日本で食に対する関心は高まる一方ですが、食品偽装問題など、異物混入など食品事故は絶える事がありません。しかし消費者が安心して食品を口にする事ができる様に、食品安全のレベルを維持・改善していく事が求められています。そこで設定された食品安全システムの規格が「FSSC22000」です。

ISO22000の取得では不足?

食品を直接的、間接的に取り扱う組織で幅広く利用される目的に開発された「ISO22000」を取得しても、手洗いルールに対する取り組みなどは会社ごとに差があるため全ての会社で衛生管理が万全だとは言い切れません。

そこで前提条件プログラムの基準としてできたPAS220とISO22000を組み合わせて開発した規格がFSSC22000ですので、ISO22000を補強した食品安全マネジメントシステムに関する国際規格だと言えます。

大手の食品流通会社が取引先に求める規格

GFSIが取引先に認証を求めている認証スキーム規格の1つがFSSC22000です。

GFSIとは、世界中の流通・食品会社のうち、コカコーラやイオン、ウォルマートなど大手約650社が加入している組織ですので、FSSC22000を取得していることを取引先に求めるということは、一定以上の食品安全レベルを求めていると言えるでしょう。

FSSC22000の取り組み方法は?

FSSC22000の取り組み方法としてはISO 22000とほとんど変わりありません。前提条件プログラムを定めた上で危害分析を行い、管理点を明確化していきます。

ただしFSSC22000の方が項目を具体化しており、いくつかの事項が追加されています。そのためISO2200ではカバーできないアレルギー物質の管理やフード・テロ、食品安全要員の監視やサービス仕様などについても規定されています。

FSSC22000のメリット

FSSC22000を取得するということは、品質の高い安全な食品供給を重視していることの証明であると言えます。
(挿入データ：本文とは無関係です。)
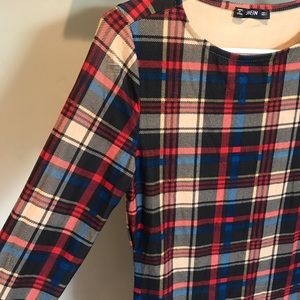 Soft plaid stretchy dress
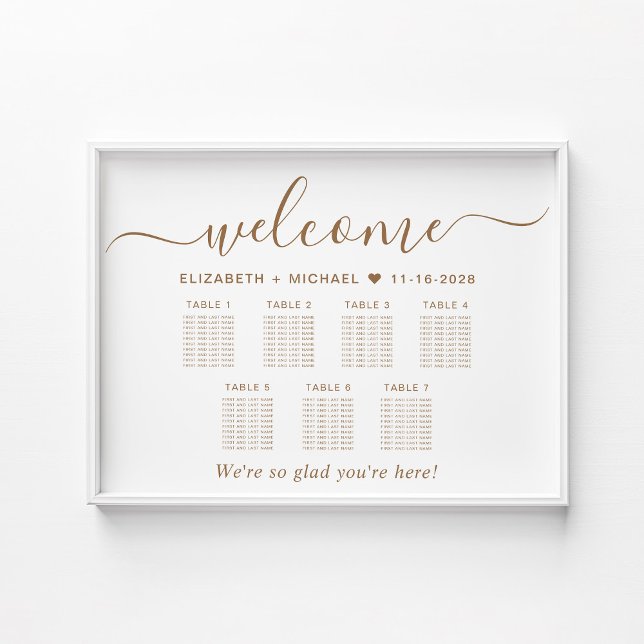 Elegantes Gold Script 7 Table Wedding Seating Char Poster (Von Creator hochgeladen)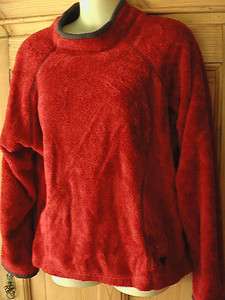 Wooly Bully Wear Shirt Womens Red Poly Fleece Mockneck Top L  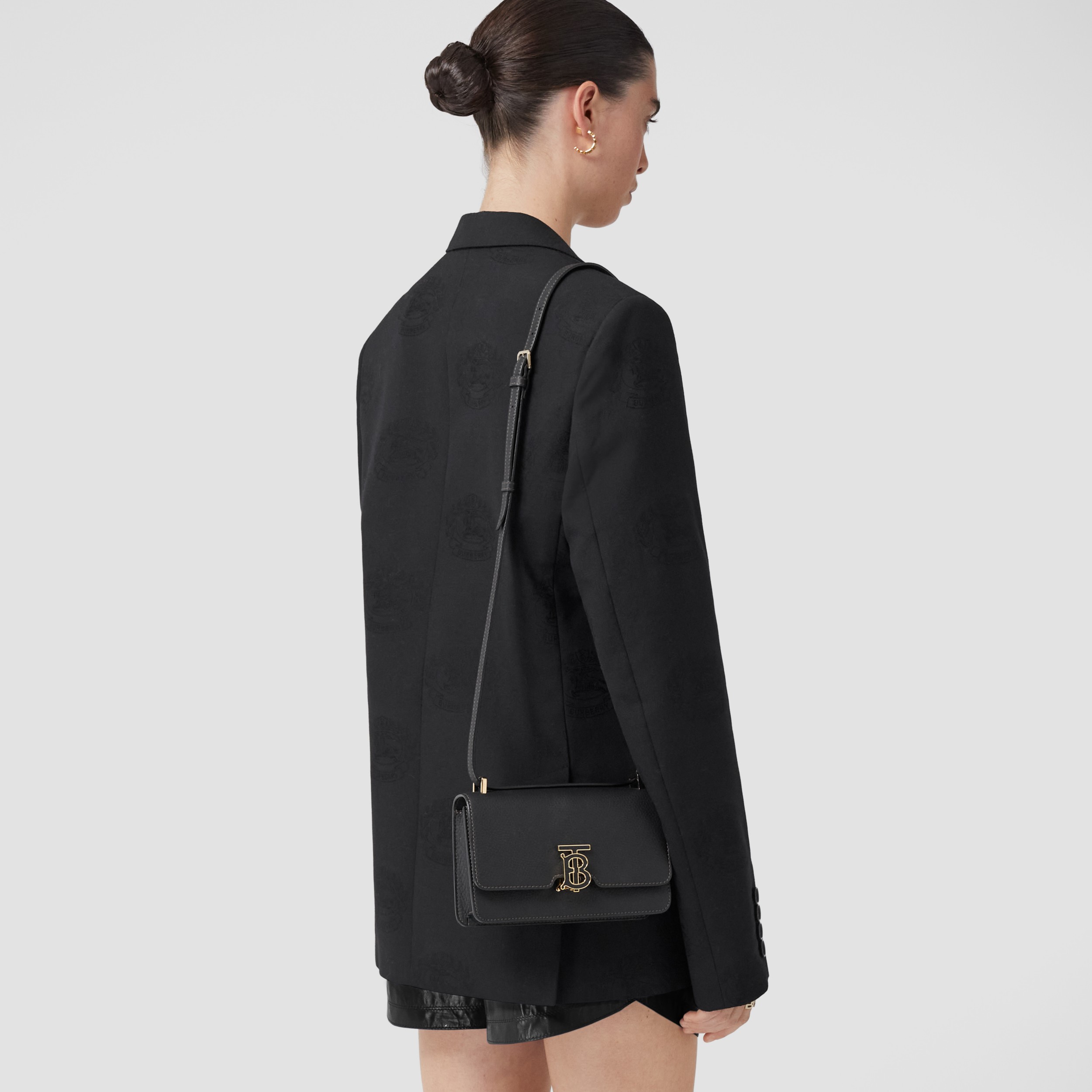 Grainy Leather Mini TB Bag in Black Women Burberry® Official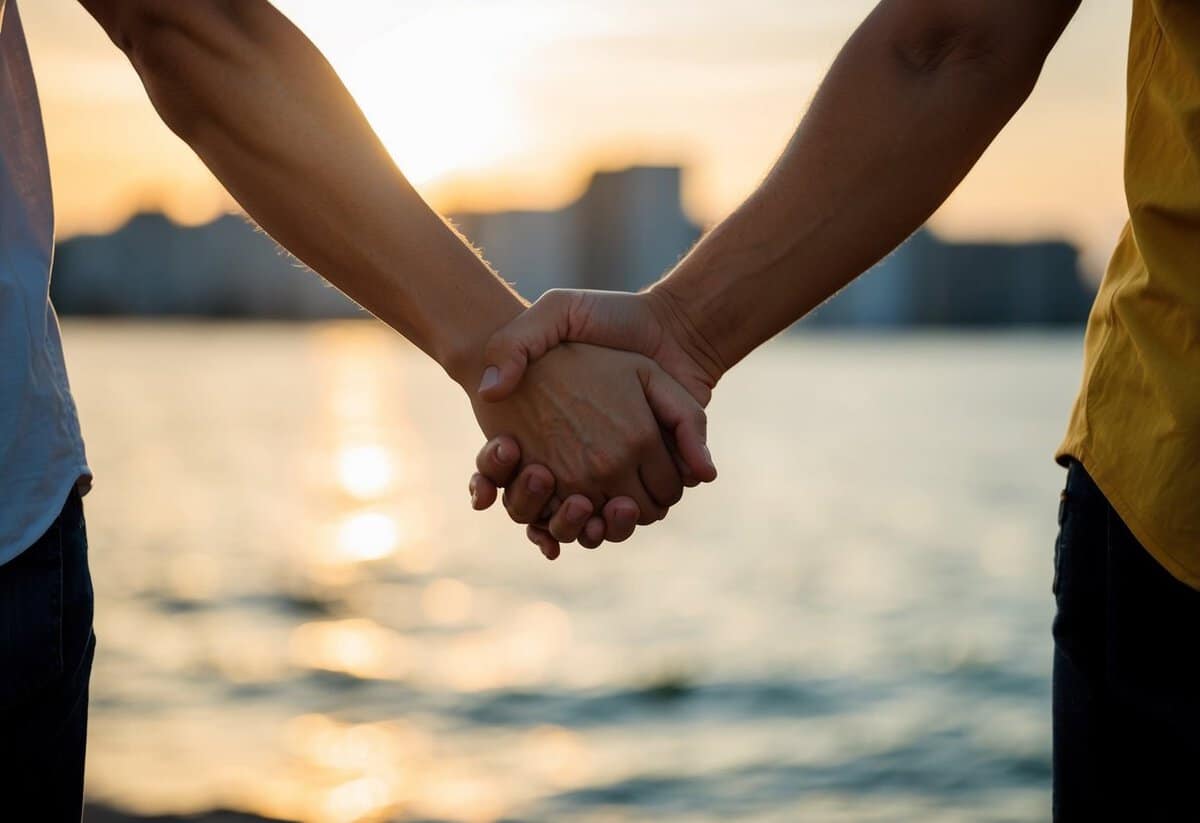 Two figures facing each other, their hands reaching out and intertwining in a gesture of unity and connection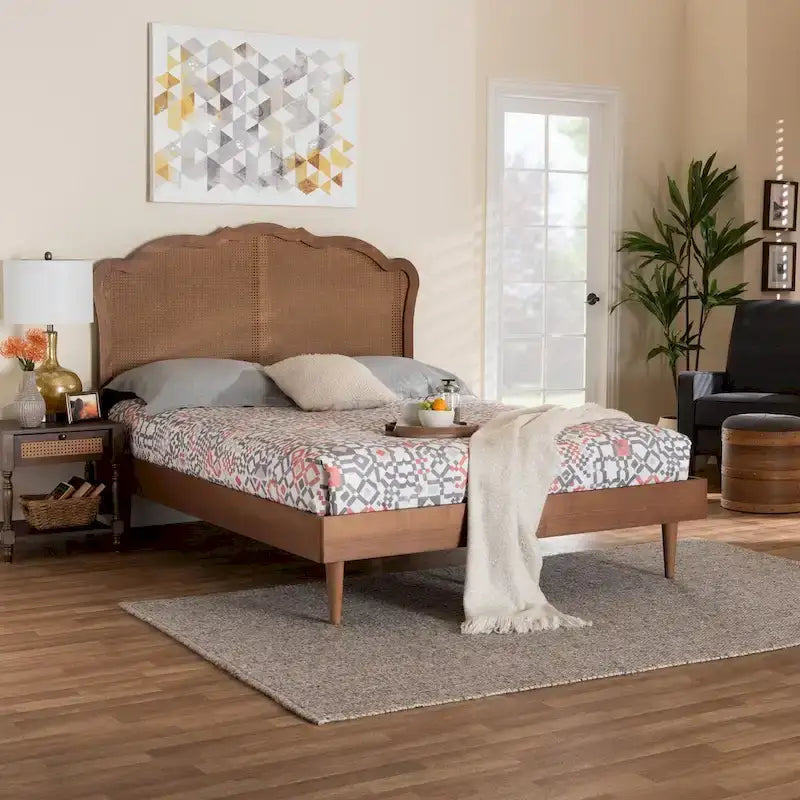 Camden Mid-Century Walnut Brown Wood and Rattan Platform Bed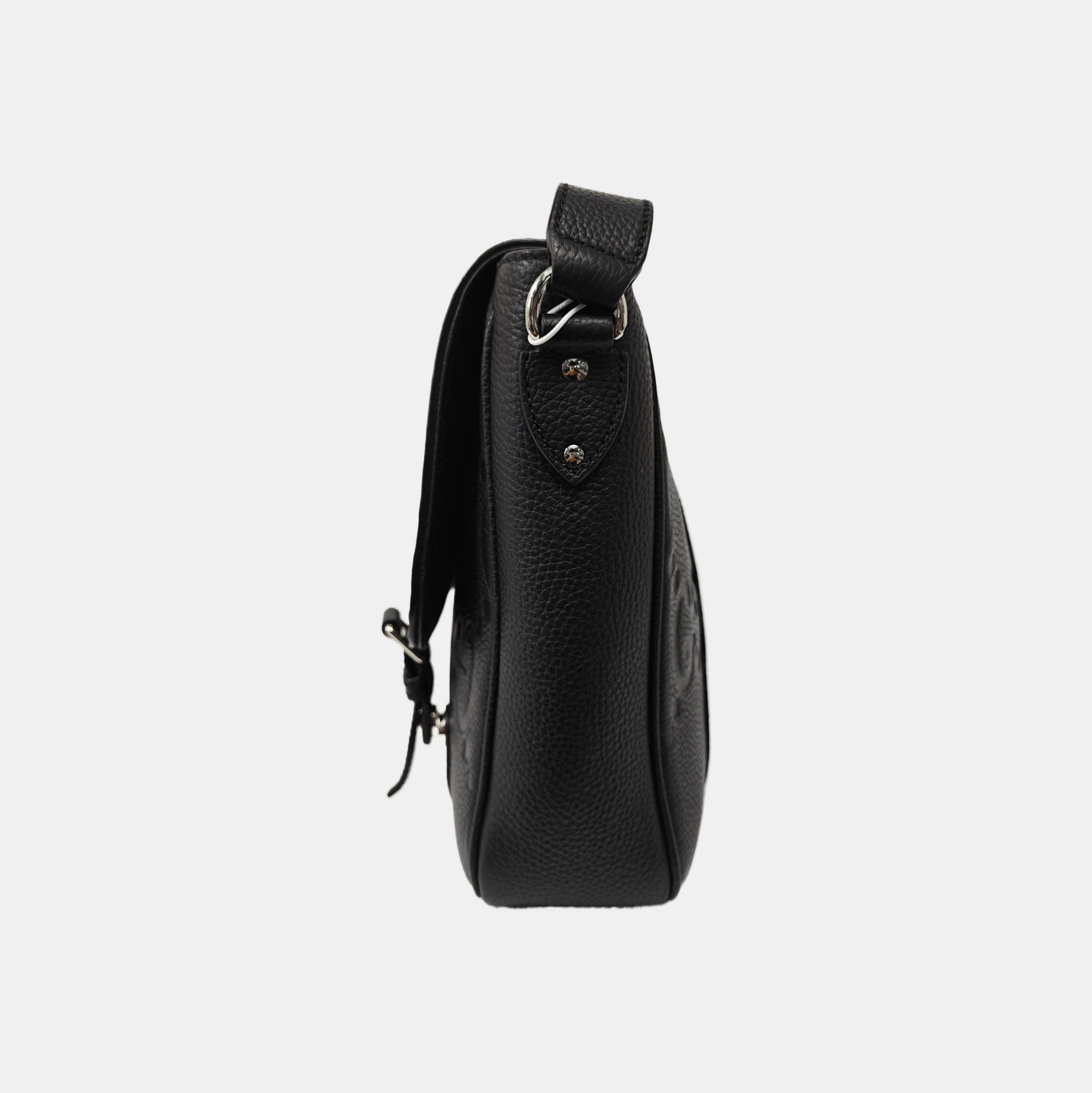 Monogram Calfskin Shoulder Bag Medium Black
また、企業のブランド力やイメージ向上、評判を高めるといった部分でも期待できるでしょう。

取引先からの要求にも応える事ができ、市場に参入する機会を拡大させる事ができます。

そして規格を使用した認証によって、監査コストを削減できリコールなどのリスクも軽減できますので、結果として全体のコスト削減に繋がると言えるでしょう。

FSSC22000のフードディフェンスに対する考え方

フードセーフティは食品安全に影響を及ぼす事故や危害が起こらないために、衛生管理や温度設定を適切な状態に保つことです。

しかしフードディフェンスは予想外の攻撃から守ることですので、仮に悪意を持った人が侵入して製品に害のある物質を混入する事態を想定したとしても、実際に完全に防ぐことは難しいでしょう。

しかし原料を出したままにしない事などで予防できる部分はあります。警備員の配置などでフェンスを高くするより、まずは製品の管理を行うフードセーフティを優先していく必要があります。

FSSC22000でのフードディフェンスに対する考え方は、このようにフードセーフティとフードディフェンスを切り離さず、フードセーフティを万全に行う事によりフードディフェンスに繋がるという考え方です。

FSSC22000の取得で安心・安全・高品質な食品供給を!

適切な食品の安全管理のために、FSSC22000を取得している会社こそ、信頼性の高い会社だと言えるでしょうし、社会的信用を保つためにもアピール材料になると言えるでしょう。

様々なメリットがありますし、何より消費者にとって安心できる規格ですので、取得をすることが望ましいと考えられます。